L'enfant maltraité
Michel MANCIAUX, Éditions Fleurus Psycho-Pédagogie, 1993, 696 p.
La mobilisation autour de l'enfance maltraité, est une chose relativement récente, La première, enquête sur le sujet date de 1975. En 1979, est fondée l'AFIREM (Association Française d'Information et de Recherche sur l'Enfance Maltraitée). En 1982, le congrès de l'International Society For Prévention of Child Abuse and Neglect se tient à Paris. La même année parait, sous la direction de Pierre Straus, la première édition de L'enfant maltraité.

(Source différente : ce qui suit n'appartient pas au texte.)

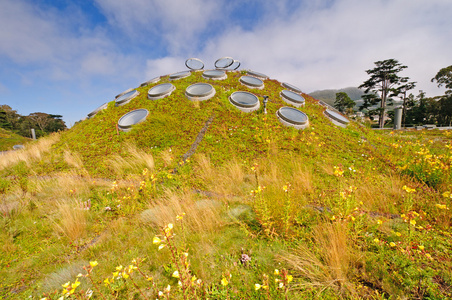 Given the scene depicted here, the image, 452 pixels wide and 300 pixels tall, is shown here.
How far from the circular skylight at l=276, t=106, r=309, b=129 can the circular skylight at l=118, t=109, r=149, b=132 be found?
353 inches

Onze ans après, Pierre Straus ayant disparu, ce sont ses collaborateurs qui ont repris le flambeau et mené à bien la réédition -réactualisée et refondue- de ce volumineux ouvrage de prés de 700 pages. C'est une véritable encyclopédie à laquelle ont collaboré 17 auteurs venus de tous les horizons (pédiatrie, université, justice, service social, psychiatrie...) et qui, dans une judicieuse pluridisciplinarité, ont mis en commun leurs compétences respectives pour nous apporter une somme considérable de données, analyses et idées-forces dont le point commun est la recherche de la meilleure réponse a l'appel à l'aide des enfants privés d'enfance.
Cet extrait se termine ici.